1. TÍTULO DO PROJETO

A organização da instrução pública nas cidades de Uberabinha e Patos de Minas: educação e civilização (1888-1930).

2. INTRODUÇÃO

Ao iniciar a exposição da presente proposta, é necessária uma pequena introdução, historiando a imbricação da mesma com atividades de pesquisa anteriormente desenvolvidas por nós junto ao grupo de pesquisadores do NEPHE - Núcleo de Estudos e Pesquisas em História da Educação, do Programa de Pós-Graduação em Educação da Universidade Federal de Uberlândia.

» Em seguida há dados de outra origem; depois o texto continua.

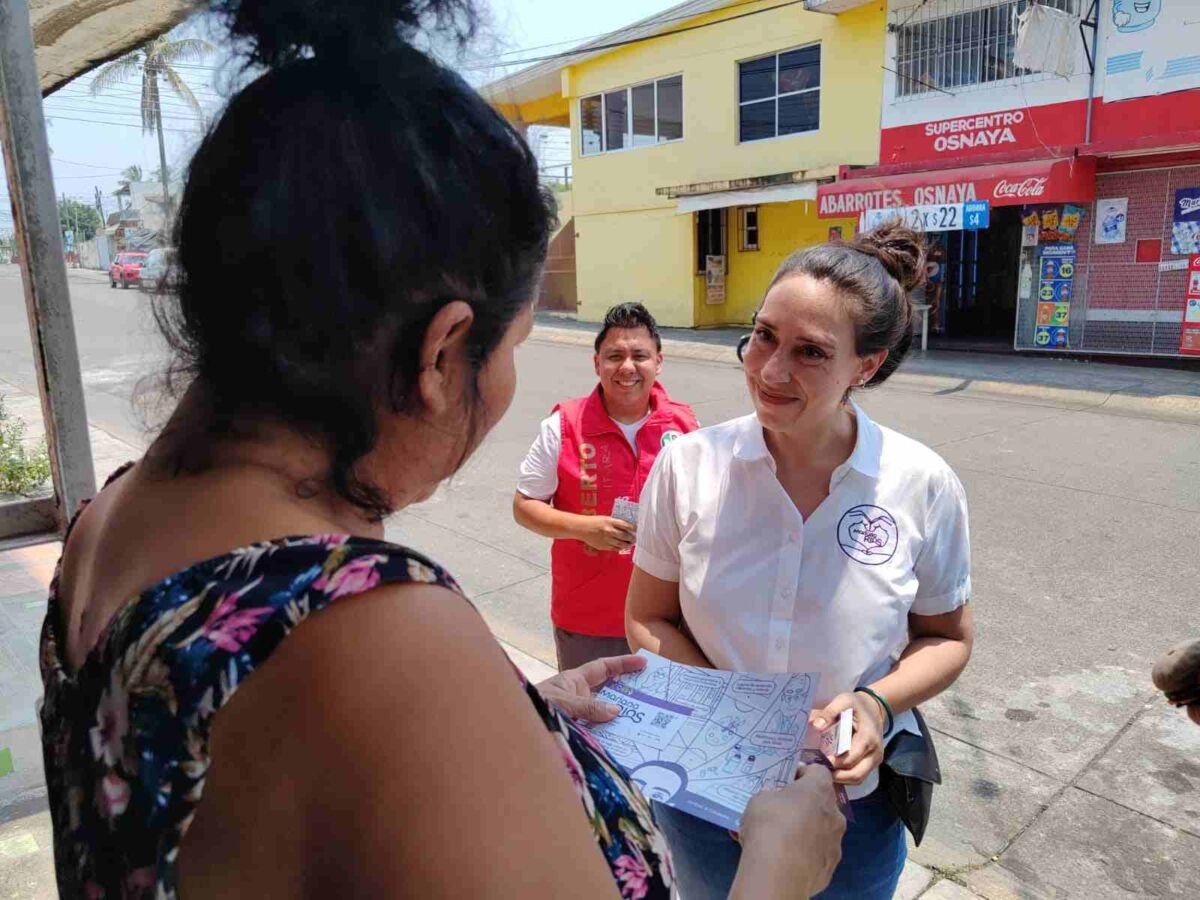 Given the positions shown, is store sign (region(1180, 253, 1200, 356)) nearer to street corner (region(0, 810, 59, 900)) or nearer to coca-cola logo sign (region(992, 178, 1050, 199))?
coca-cola logo sign (region(992, 178, 1050, 199))

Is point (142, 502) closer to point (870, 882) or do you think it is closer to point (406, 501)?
point (406, 501)

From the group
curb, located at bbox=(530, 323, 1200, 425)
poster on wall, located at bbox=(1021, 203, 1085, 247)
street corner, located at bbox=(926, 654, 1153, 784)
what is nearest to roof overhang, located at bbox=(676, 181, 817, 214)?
poster on wall, located at bbox=(1021, 203, 1085, 247)

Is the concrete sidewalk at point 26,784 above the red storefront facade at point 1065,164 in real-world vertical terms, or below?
below

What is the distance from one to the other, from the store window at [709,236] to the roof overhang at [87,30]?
610 inches

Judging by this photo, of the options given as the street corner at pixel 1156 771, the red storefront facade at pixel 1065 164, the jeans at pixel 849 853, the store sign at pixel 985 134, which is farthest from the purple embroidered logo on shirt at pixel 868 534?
the store sign at pixel 985 134

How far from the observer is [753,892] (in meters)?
1.10

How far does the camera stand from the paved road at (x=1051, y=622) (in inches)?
109

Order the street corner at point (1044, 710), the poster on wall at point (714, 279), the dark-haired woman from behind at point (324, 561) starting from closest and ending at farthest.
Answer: the dark-haired woman from behind at point (324, 561), the street corner at point (1044, 710), the poster on wall at point (714, 279)

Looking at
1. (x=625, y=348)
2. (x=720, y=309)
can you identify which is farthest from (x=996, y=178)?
(x=625, y=348)

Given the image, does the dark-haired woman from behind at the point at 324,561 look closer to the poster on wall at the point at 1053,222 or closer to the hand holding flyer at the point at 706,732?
the hand holding flyer at the point at 706,732

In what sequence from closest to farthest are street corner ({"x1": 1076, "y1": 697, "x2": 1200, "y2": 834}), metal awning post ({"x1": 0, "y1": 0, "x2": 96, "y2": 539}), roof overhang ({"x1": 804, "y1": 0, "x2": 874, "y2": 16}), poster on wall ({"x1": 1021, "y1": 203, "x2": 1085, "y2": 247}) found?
1. metal awning post ({"x1": 0, "y1": 0, "x2": 96, "y2": 539})
2. street corner ({"x1": 1076, "y1": 697, "x2": 1200, "y2": 834})
3. poster on wall ({"x1": 1021, "y1": 203, "x2": 1085, "y2": 247})
4. roof overhang ({"x1": 804, "y1": 0, "x2": 874, "y2": 16})

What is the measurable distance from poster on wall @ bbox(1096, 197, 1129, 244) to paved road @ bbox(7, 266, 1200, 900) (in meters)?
4.15

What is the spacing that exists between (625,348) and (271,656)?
2301 millimetres

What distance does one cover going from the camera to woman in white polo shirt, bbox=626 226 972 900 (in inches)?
69.6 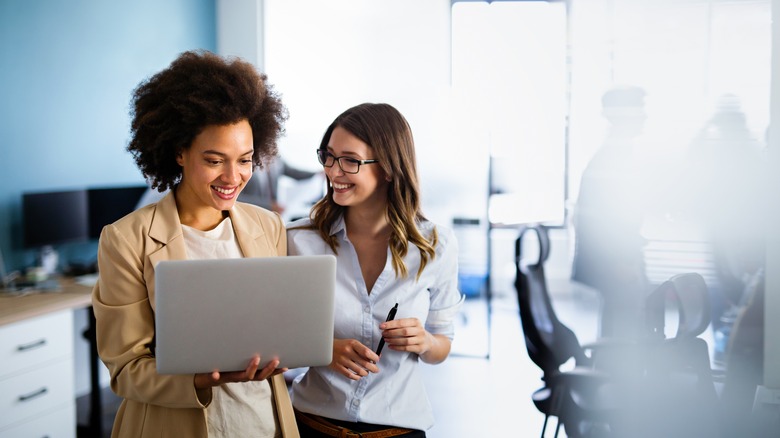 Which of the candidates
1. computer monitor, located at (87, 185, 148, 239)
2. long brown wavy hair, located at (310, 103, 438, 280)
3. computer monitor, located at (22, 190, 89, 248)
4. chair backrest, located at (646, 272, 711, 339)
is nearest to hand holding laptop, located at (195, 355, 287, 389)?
long brown wavy hair, located at (310, 103, 438, 280)

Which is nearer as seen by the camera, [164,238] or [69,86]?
[164,238]

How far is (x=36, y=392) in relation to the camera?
290 cm

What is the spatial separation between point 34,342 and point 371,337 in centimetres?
185

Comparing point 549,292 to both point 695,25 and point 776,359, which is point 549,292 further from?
point 695,25

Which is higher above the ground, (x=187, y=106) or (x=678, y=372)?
(x=187, y=106)

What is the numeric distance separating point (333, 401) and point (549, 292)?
1487 mm

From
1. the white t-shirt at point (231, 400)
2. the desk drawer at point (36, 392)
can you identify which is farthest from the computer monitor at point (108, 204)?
the white t-shirt at point (231, 400)

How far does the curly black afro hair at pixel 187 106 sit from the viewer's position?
1514 mm

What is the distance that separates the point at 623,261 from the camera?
2.79m

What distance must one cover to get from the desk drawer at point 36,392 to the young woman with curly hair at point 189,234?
1518 mm

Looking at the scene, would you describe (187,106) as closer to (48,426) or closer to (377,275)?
(377,275)

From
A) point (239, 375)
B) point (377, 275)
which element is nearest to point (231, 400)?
point (239, 375)

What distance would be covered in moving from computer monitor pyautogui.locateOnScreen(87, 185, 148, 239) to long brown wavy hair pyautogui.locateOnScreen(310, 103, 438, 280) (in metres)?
2.49

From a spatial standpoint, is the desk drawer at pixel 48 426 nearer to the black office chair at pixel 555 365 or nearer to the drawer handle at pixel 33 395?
the drawer handle at pixel 33 395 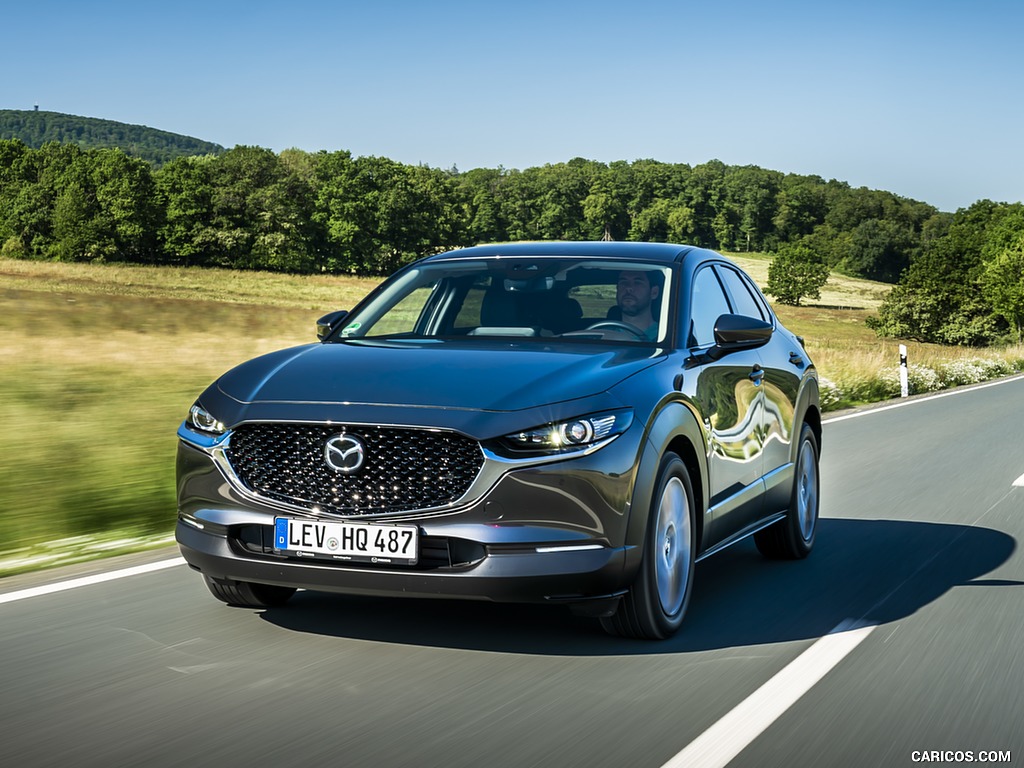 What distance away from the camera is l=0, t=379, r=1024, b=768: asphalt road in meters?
4.00

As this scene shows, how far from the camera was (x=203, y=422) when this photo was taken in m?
5.21

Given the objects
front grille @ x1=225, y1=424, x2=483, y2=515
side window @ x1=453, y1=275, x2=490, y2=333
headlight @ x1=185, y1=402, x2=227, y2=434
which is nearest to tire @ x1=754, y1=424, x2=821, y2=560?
side window @ x1=453, y1=275, x2=490, y2=333

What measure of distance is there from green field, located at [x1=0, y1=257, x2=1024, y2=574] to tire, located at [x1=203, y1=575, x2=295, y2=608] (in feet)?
5.64

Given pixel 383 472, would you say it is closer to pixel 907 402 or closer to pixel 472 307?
pixel 472 307

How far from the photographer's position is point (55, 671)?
4836 mm

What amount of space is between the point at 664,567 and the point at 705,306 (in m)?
1.58

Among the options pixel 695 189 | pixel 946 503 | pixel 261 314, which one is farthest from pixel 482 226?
pixel 946 503

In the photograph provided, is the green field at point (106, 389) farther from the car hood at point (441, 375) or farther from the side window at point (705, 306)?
the side window at point (705, 306)

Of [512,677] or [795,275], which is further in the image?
[795,275]

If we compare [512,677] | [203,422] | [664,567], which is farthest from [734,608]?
[203,422]

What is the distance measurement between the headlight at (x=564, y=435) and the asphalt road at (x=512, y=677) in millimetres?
827

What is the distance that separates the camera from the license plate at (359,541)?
4.77m

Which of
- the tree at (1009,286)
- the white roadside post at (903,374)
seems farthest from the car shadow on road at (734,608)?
the tree at (1009,286)

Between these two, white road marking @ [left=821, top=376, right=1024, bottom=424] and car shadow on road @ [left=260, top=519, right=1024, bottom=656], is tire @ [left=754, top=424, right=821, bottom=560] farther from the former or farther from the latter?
white road marking @ [left=821, top=376, right=1024, bottom=424] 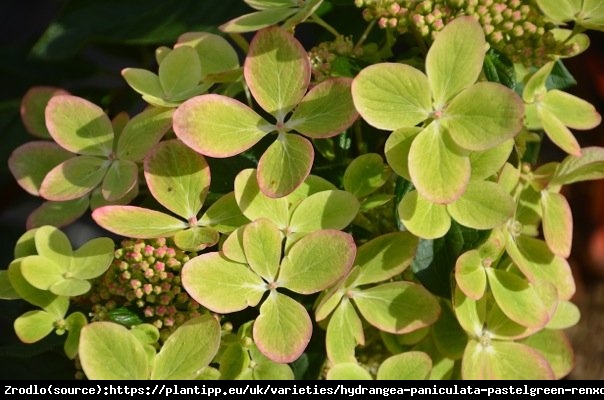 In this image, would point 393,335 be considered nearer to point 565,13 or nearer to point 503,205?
point 503,205

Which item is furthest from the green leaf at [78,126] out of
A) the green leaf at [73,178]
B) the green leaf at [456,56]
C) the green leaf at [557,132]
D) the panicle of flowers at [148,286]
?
the green leaf at [557,132]

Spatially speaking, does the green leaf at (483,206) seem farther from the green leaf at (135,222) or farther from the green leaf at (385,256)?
the green leaf at (135,222)

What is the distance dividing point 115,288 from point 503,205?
36cm

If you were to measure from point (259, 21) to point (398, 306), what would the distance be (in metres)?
0.30

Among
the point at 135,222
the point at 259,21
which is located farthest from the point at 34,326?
the point at 259,21

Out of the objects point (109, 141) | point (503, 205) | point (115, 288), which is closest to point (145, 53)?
point (109, 141)

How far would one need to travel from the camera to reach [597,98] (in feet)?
5.57

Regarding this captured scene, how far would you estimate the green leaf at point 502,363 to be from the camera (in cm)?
75

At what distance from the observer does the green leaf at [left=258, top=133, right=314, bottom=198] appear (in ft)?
2.23

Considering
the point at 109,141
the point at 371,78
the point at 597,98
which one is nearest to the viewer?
the point at 371,78

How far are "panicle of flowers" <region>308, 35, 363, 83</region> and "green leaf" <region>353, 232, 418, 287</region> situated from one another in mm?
173

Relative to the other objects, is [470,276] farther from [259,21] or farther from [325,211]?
[259,21]

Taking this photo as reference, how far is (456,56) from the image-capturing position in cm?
69
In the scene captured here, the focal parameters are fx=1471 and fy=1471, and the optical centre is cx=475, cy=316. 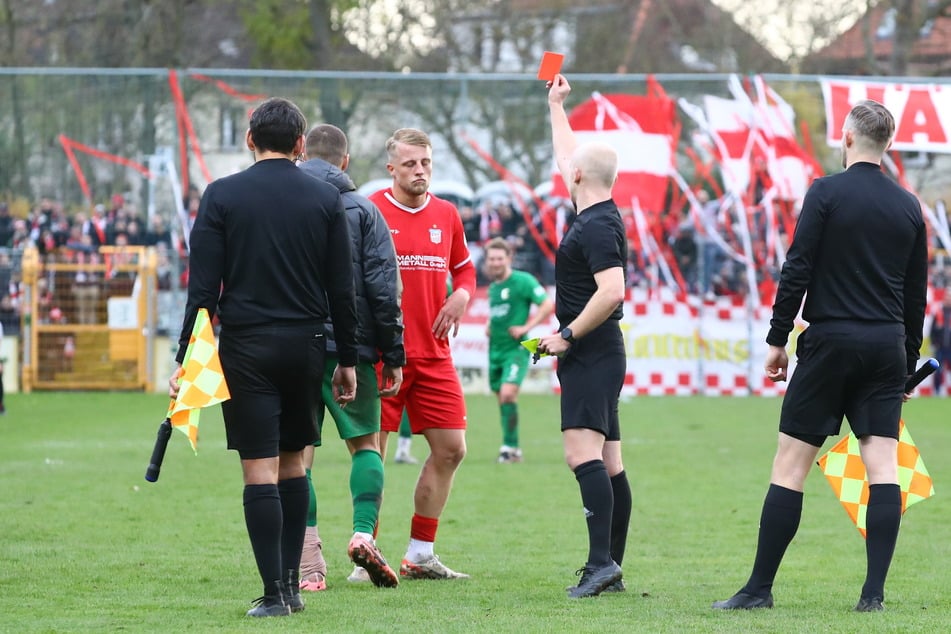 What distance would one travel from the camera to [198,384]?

O estudo da História da Educação na região do Triângulo Mineiro e Alto Paranaíba, em particular nos municípios de Uberabinha/1 Uberlândia e Patos de Minas, de forma sistematicamente organizada, é uma manifestação recente. Mais precisamente, estes estudos originários datam de 1993, com a implementação do projeto de “Levantamento e Catalogação das Fontes Primárias e Secundárias de Interesse para a História da Educação Brasileira e do Triângulo Mineiro e Alto Paranaíba”, ligado a uma proposta nacional estruturada a partir da Faculdade de Educação da UNICAMP, sob a coordenação geral do Prof. Dr. Dermeval Saviani.

A partir desta primeira incursão, realizamos um levantamento mais pormenorizado nos Arquivos Públicos Municipais de Uberlândia e Patos de Minas, recuperando todas as informações relativas à educação que aparecem na imprensa local, catalogando as revistas que tratam de educação e anotando o conteúdo destas informações em fichas especificamente preparadas para este fim. Também foi realizado o levantamento do conjunto da documentação existente nas escolas mais importantes da região, em termos de influência político-cultural e também pelo período de inauguração, para que se pudesse aquilatar, pela via da história das instituições escolares, o processo de escolarização regional.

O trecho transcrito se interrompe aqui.